Artist Statement





My power is in the margins.

My hero is someone who is on the line between various social groups, systems, cultures, someone influenced by their conflicting norms and values. Society has to take care of each individual, without hiding behind opinions of the crowd. I also include myself into many marginalised groups. My experience as a queer person allows me to make art about sexuality and gender. I criticise homophobic stigma through installations and illustrations. I ridicule absurd and populist views through video art and performance. I direct my mind and artistic media against unfair clichés that incite hate and create unsafe environments.

My artistic practices have been closely related to the theme of social roles people play in a society. As an artist, I am preoccupied with finding the place of the individual on the map of imminent social change. In my works, I reflect on how the social affects the environment and how a person in creative professions can influence ongoing processes. I was born in one of the most polluted cities in Europe, Dnipro. In 2010, I moved to one of the most polluted capitals in Europe, the city of Kyiv. I am convinced that almost all of our environmental problems stem from deep-seated social problems, and so I have devoted a number of my works to the irrationality that dominates society. I am intent on conveying my belief that today's market society is built around the cruel motto “grow or die” – a completely impersonal, self-perpetuating mechanism based on trade for profit and industrial expansion for its own sake. My childhood and adolescence were spent under these fantastically cruel rules of the game.

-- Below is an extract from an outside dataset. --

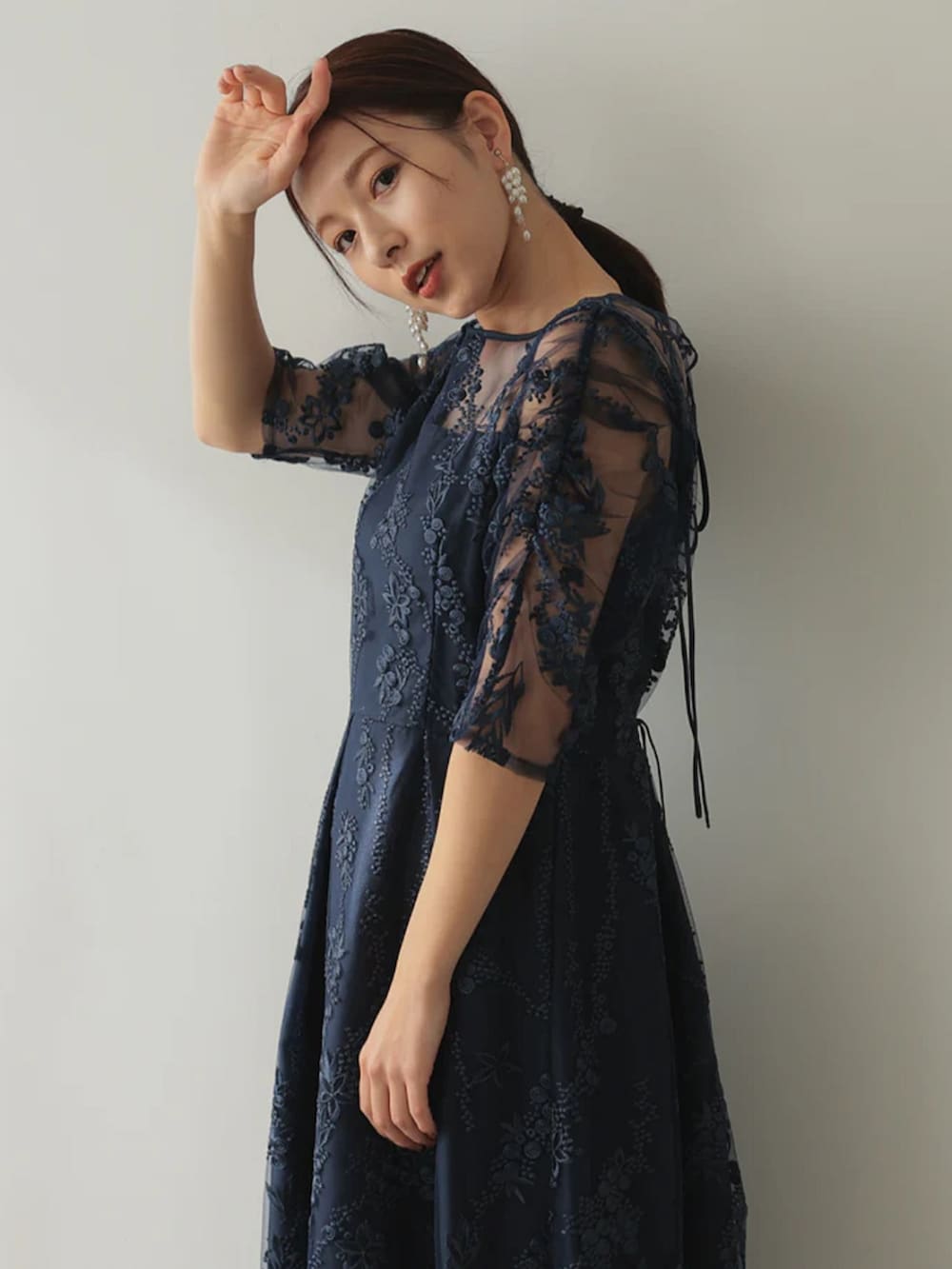 「チャンキーヒール、チャンキーヒールパンプス、チャンキーヒール美脚パンプス、チャンキーヒールサンダル、リボン、ワンピース、大人可愛い、パーティー、オケージョン、結婚式、おでかけコーデ、ワンピースコーデ、大人女子、春、春ファッション」｜「PREFERIRの【PREFERIR】刺繍 レース バックリボン 結婚式 パーティ ドレス.（ドレス、ブルー系）」を使った、PREFERIR_webさん（レディース・163cm）の春コーディネートの6枚目の写真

In 2017, I decided to move to Lithuania due to security for my personal relationship and broader professional opportunities. When you freely transfer yourself beyond the existing realities, your horizon opens wider. Taking part in the art scenes of Ukraine and Lithuania remains my priority. But not confined by my own walls, I have been lucky to work with curators and fellow artists from Germany, Sweden, Turkey, Poland and Norway, as well as to participate in numerous residences. I remain a humanist in that I hold that human beings have the right and responsibility to decide the meaning and form of their lives. I write, photograph, film, paint and build in order to capture the beauty of marginality.